--- START ---

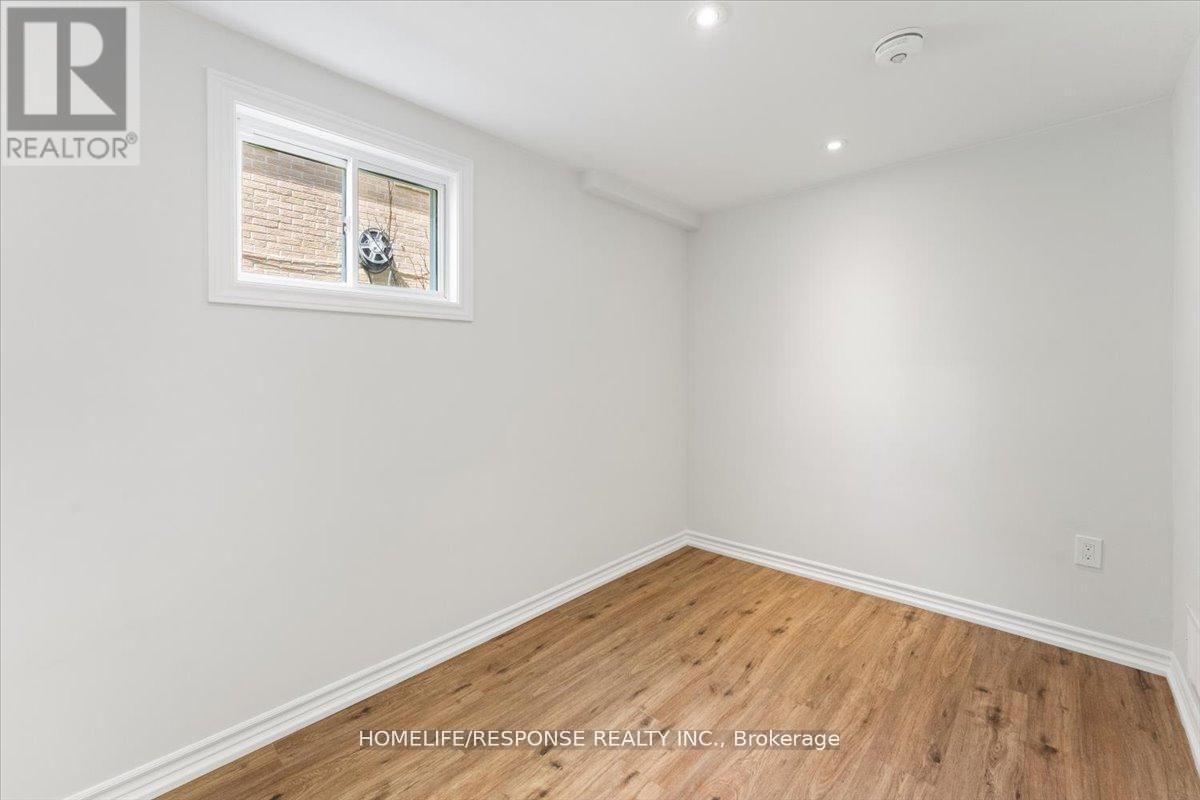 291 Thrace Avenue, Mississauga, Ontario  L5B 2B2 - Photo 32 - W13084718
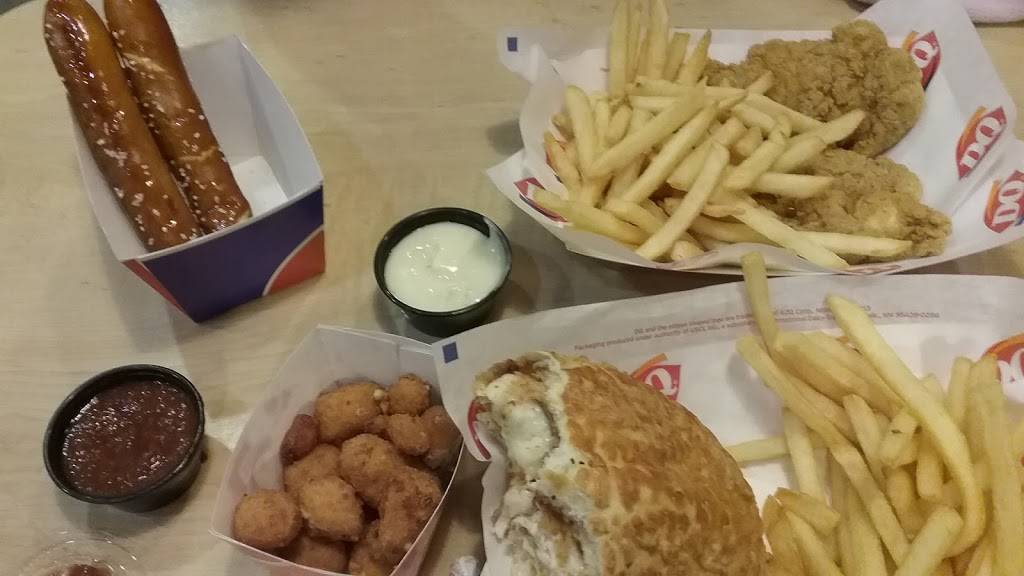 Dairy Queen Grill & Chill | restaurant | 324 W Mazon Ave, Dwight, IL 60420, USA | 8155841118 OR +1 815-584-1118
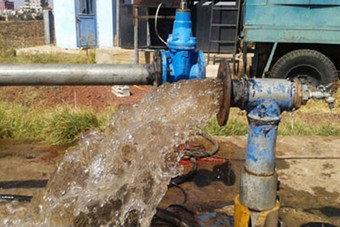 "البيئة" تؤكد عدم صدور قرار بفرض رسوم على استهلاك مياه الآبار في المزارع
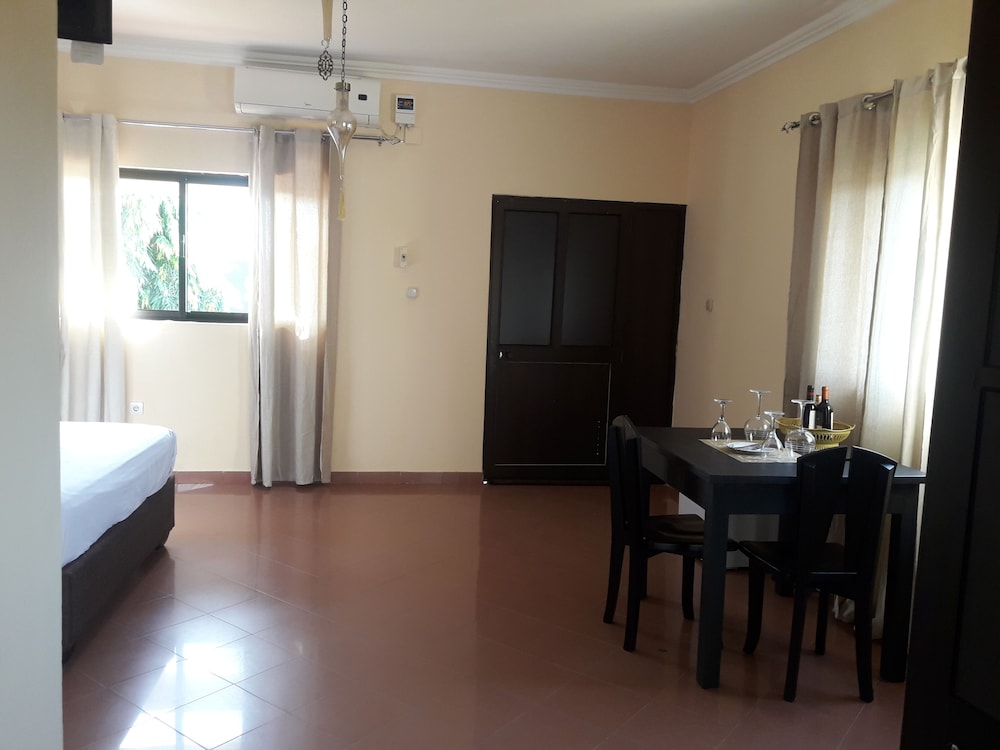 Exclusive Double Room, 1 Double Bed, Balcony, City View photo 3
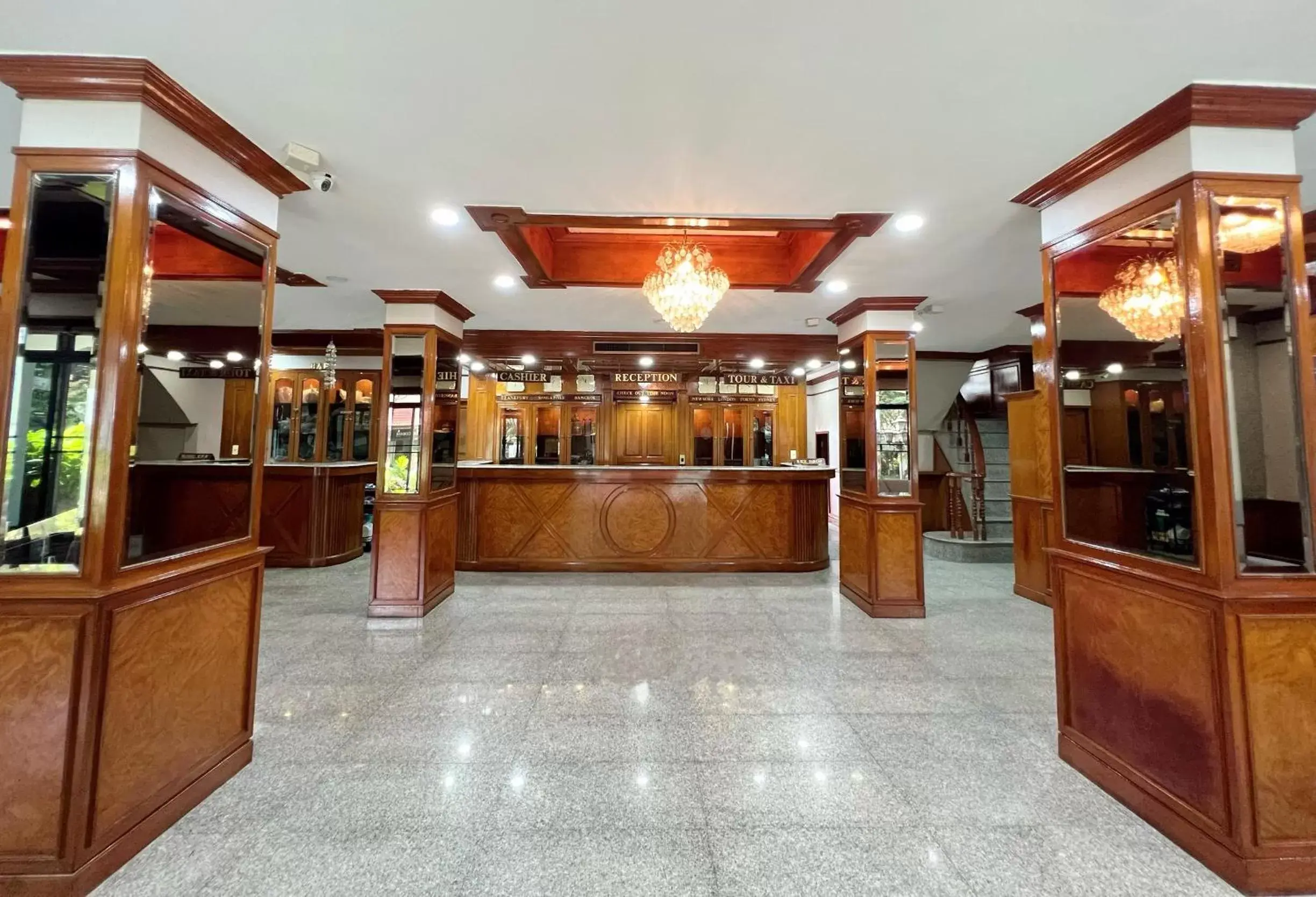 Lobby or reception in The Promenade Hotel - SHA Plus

--- END ---

▶ [TASK INSTRUCTIONS] Print the listing exactly, images excluded.

▶ [EXERCISE OUTPUT]
 291 Thrace Avenue, Mississauga, Ontario  L5B 2B2 - Photo 32 - W13084718
 Dairy Queen Grill & Chill | restaurant | 324 W Mazon Ave, Dwight, IL 60420, USA | 8155841118 OR +1 815-584-1118
 "البيئة" تؤكد عدم صدور قرار بفرض رسوم على استهلاك مياه الآبار في المزارع
 Exclusive Double Room, 1 Double Bed, Balcony, City View photo 3
 Lobby or reception in The Promenade Hotel - SHA Plus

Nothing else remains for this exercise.